To address your concerns: We don't know yet if the Volt will be available for purchase, or if it will be like the EV1 and be lease only, or if the car will be available for purchase and the batteries leased. GM will probably not make the same mistake twice. So the Volt, when it fails, will probably not be crushed.
"The means of defense against foreign danger historically have become the instruments of tyranny at home." ~James Madison
Rick Wagoner, GM's old CEO said that was the biggest regret he had while CEO. He still didn't feel they would ever make money off the EV1, but felt like the PR of the whole thing couldn't have come at a worse time as Toyota released the 2nd Gen Prius around that time (2003) and it was getting millions of free publicity dollars from movie stars driving them, which completely changed the way people looked at green cars, GM was suffering their worst reliability reputation problems in their history and consequently hemorrhaging market share, and mounting UAW legacy costs were sucking up any and all money they had hoped to use for staying competitive, things got worse instead of better as gas prices climbed and just when they thought things couldn't get any worse, someone made a movie to publicize the whole fiasco with well known celebrities like Mel Gibson speaking out against them. The irony of it all is that GM spent about $1 Billion on the EV1 (including the original concept car that inspired the ZEV mandate) only to have it be the catalyst that pushed them off a cliff.
Bottom line was the EV1 had half the range of a Tesla Roadster (if that), took twice as long to go from 0-60, only sat two (like the Tesla Roadster), looked like a geek mobile vs. an Exotic Sports Car and Tesla has sold less than 2,000 vehicles in the last couple of years. GM does not build small volume cars by hand commercially like that, and they tried to tell people that it wasn't worth their time, but obviously from this thread, people still don't believe it.
Last edited by omnimoeish; 03-19-2010 at 02:36 AM.
As my ID here suggests, I am gung ho, ready to buy a Volt as soon as I can. While I understand and appreciate what the two previous posters have said, I have to admit that at a personal, gut level, there is one thing that would stop me. I will not lease a car, or a battery, from GM.
In my mind, GM blundered big time by not immediately building on the technology of the EV1 as Toyota built on the technology of their Rav4ev.
However, that is really neither here nor there.

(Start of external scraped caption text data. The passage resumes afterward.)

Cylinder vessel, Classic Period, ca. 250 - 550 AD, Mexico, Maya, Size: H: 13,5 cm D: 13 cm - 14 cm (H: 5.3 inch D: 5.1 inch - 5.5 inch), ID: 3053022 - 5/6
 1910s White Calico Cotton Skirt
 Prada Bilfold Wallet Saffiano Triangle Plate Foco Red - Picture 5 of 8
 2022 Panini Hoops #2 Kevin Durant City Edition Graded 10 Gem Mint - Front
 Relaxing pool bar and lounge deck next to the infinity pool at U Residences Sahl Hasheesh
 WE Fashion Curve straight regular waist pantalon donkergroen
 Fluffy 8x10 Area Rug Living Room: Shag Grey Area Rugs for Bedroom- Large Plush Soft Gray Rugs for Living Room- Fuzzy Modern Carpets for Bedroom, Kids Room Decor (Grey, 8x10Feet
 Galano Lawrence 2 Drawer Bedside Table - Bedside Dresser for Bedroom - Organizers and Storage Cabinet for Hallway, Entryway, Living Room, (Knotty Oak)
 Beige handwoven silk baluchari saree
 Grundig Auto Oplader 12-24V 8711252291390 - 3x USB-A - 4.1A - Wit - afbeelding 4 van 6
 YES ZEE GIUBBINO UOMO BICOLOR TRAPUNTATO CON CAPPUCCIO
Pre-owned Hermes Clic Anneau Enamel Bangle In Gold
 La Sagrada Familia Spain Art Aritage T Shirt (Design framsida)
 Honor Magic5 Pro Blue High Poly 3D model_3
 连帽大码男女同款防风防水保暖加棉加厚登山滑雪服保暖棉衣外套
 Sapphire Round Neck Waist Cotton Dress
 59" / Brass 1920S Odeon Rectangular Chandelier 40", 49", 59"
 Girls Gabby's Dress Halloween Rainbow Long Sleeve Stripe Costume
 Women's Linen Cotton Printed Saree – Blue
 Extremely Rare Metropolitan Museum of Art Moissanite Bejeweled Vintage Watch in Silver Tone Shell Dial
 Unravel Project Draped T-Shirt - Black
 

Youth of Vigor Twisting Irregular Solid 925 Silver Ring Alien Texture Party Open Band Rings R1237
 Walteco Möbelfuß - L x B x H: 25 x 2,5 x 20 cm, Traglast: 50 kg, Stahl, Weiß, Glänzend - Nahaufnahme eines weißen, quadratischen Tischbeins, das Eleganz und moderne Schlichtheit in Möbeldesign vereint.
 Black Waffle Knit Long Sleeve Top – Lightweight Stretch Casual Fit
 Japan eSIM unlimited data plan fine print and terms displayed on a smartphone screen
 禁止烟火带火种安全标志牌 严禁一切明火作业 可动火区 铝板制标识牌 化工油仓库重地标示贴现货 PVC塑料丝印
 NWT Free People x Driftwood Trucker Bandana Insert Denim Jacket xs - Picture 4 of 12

GM has a huge incentive to make EVs work this time around. Unlike last time (where all companies building EVs were pretty much only doing it because they HAD to) there is competition out there that will be building EVs.
They are getting out the gate early with the Volt, no, not first, but very early. This is good.
If they kill the Volt, other brands will be more than happy to pick up the pieces.
In some ways this is completely backwards. GM HAS built on their EV1. In 1999, they came up with a concept car to combat range anxiety but still retain the electric power train, it was called the EV1 series hybrid. Read about it here.
http://en.wikipedia.org/wiki/EV1#EV1_series_hybrid
It would've been completely impractical to implement, run boosted octane gasoline, and maintain a turbine engine especially for a cramped 2 seater especially with no trunk.
Around this time, several companies were making advances in Lithium Ion batteries, especially the Korean electronic companies who were being backed by the Korean government.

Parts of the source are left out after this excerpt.